Now, just in time for the 2014 General Assembly session, Republicans and Democrats in the House of Delegates think they have made a good first step toward tightening up those rules.
House leaders have spent the past few months hammering out a bipartisan ethics reform proposal, focused on a few key areas. The plan includes a $250 cap on "tangible" gifts from lobbyists and individuals with business before the state. It also requires more detailed reporting for "intangible" gifts, like food and travel.
Addressing concerns from the McDonnell scandal, the plan requires spouses and immediate family members report gifts. It would also require ethics and disclosure training for elected officials, and create a State Ethics Advisory Commission to address ongoing, related issues.
Charlottesville Delegate David Toscano says the proposal is an important step toward restoring faith in Virginia's elected leaders.
"We think we have the outline of an agreement now, and we have to turn it into a bill," Toscano said. "It will have to go through the legislative process, it will probably change a little bit along the way, but at the end we'll have something good that people can be proud of."
Senate leaders from both parties embraced the house proposal as a step in the right direction, but say they look forward to offering their own input in the months ahead. The 60 day legislative session begins Wednesday at noon in Richmond.
Virginia House Republican Campaign Committee Press Release
RICHMOND, VA – Republican and Democratic lawmakers announced Tuesday a bipartisan agreement on a comprehensive package of reforms to Virginia's ethics, transparency and disclosure laws. The agreement is the result of months-long discussions between members of both parties and includes over a dozen reforms in four major categories.
If adopted, the proposal would institute a $250 gift cap on tangible items from lobbyists and individuals with business before the state. It would create a "State Ethics Advisory Commission" tasked with reviewing financial disclosures, maintaining an online transparency website and conducting mandatory training for elected officials, among other responsibilities. The proposal would make reforms to modernize and update the disclosure system to require the disclosure of gifts given to family members, synchronize filing deadlines for legislator and lobbyist disclosures and clarify important definitions related to "gifts," "travel" and other expenses. The proposal would also institute intensive, mandatory ethics and disclosure training for all elected officials.

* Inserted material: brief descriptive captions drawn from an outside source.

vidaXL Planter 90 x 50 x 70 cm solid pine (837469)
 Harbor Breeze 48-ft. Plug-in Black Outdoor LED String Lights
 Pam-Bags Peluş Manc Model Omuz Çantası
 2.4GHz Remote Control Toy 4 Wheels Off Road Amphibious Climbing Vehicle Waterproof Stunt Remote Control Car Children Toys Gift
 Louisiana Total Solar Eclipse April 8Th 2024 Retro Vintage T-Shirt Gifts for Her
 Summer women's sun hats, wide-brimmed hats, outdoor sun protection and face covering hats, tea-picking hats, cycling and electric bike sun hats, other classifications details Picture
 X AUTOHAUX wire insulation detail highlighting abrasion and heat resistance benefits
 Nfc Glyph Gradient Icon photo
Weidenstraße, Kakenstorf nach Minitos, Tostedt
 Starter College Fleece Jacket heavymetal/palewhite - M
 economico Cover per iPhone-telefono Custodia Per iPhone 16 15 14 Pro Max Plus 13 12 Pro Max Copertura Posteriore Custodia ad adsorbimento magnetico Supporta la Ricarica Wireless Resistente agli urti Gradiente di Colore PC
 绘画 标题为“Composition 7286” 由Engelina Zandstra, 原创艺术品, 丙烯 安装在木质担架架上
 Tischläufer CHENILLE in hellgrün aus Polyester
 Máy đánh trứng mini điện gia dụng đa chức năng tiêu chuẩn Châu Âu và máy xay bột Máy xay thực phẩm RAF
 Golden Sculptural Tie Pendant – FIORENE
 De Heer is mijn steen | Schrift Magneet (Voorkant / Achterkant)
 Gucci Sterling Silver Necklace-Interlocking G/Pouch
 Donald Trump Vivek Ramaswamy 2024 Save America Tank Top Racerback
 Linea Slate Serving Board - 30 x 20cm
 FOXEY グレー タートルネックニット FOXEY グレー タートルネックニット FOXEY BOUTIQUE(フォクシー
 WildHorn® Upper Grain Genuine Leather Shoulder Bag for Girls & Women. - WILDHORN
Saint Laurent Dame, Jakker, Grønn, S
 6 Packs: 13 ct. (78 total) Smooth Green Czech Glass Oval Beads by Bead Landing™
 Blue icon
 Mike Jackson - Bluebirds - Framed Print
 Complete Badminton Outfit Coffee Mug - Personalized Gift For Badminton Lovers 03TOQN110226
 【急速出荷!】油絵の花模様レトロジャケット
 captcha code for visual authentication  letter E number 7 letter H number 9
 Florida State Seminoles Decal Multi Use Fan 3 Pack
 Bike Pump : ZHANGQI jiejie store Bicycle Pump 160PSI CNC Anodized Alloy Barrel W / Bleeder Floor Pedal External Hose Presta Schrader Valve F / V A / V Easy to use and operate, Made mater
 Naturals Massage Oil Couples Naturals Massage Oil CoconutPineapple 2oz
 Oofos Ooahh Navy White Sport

Speaking about the proposal, House Majority Leader Kirk Cox (R-Colonial Heights) and House Minority Leader David Toscano (D-Charlottesville) said:
"The agreement announced today is the result of months of painstaking work by members of both parties and demonstrates a bipartisan understanding of the need to preserve trust in government. We hope the changes outlined today will help restore any public trust lost due to recent events. The citizens of the Commonwealth must know without hesitation or qualification that their elected leaders can be trusted to execute their duties with the highest degree of integrity and virtue.
"These are strong, comprehensive reforms that will increase accountability, promote greater transparency and preserve the integrity of state government and those who serve the citizens of our Commonwealth. We recognize that the legislative process always results in changes, often for the better, but hope that our colleagues in the General Assembly will review these proposals carefully and that they, as well as the public, can embrace them."
The agreement is currently being drafted into legislative form and will be filed in the coming weeks. It includes over a dozen reforms in four major categories.
Gift Ban & Cap
-Regular review of all lobbyist, legislator, executive branch and local government financial disclosures
-Posting and maintaining all disclosure forms online in searchable form
-Offer advice to individuals under the Conflicts of Interest Act, similar to how the FOIA Council successfully operates today
-Issue formal advisory opinions related to ethics, transparency and disclosure
-Serve as the official study commission for the General Assembly on ethics, transparency and disclosure matters
-Conduct official training and education courses for individuals under COIA and the public
-The commission will not have subpoena or independent investigatory powers, as the House and Senate Ethics Advisory Panels already have such powers.